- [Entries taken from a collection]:
::::::::::

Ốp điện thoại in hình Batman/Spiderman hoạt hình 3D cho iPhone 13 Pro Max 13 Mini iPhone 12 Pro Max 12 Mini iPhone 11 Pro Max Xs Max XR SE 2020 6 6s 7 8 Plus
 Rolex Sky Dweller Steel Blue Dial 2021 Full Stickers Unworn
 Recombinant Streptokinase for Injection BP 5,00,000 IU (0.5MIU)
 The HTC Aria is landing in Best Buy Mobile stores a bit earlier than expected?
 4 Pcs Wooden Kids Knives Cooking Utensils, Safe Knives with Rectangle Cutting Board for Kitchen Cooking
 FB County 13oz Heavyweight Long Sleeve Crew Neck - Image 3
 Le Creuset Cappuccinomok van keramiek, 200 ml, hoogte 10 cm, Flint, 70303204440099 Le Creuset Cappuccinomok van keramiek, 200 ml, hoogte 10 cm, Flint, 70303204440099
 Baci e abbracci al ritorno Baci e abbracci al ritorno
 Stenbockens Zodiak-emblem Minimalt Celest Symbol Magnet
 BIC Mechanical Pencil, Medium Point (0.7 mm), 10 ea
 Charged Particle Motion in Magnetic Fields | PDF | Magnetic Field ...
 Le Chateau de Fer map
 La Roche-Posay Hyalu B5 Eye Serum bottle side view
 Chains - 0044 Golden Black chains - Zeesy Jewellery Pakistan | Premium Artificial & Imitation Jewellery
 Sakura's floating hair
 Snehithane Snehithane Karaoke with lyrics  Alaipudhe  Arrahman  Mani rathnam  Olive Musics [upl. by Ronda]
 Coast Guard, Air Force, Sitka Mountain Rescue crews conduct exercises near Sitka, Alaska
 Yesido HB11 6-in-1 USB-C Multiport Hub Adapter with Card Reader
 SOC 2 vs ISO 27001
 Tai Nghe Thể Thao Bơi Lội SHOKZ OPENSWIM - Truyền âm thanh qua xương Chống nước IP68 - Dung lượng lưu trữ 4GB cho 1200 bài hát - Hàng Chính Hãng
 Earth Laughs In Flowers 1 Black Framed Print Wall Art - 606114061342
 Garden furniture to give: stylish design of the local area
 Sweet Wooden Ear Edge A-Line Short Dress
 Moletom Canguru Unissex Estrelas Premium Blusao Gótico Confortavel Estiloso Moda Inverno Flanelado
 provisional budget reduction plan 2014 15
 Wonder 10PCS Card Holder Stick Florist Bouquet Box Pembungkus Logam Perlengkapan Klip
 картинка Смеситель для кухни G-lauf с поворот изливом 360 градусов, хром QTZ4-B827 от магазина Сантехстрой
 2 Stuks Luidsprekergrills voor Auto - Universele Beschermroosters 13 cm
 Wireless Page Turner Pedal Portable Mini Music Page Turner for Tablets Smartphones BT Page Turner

::::::::::

- [Problem details]: Filter the data above, keeping only lines that include the string "Black".

- [Exercise result]:
 Chains - 0044 Golden Black chains - Zeesy Jewellery Pakistan | Premium Artificial & Imitation Jewellery
 Earth Laughs In Flowers 1 Black Framed Print Wall Art - 606114061342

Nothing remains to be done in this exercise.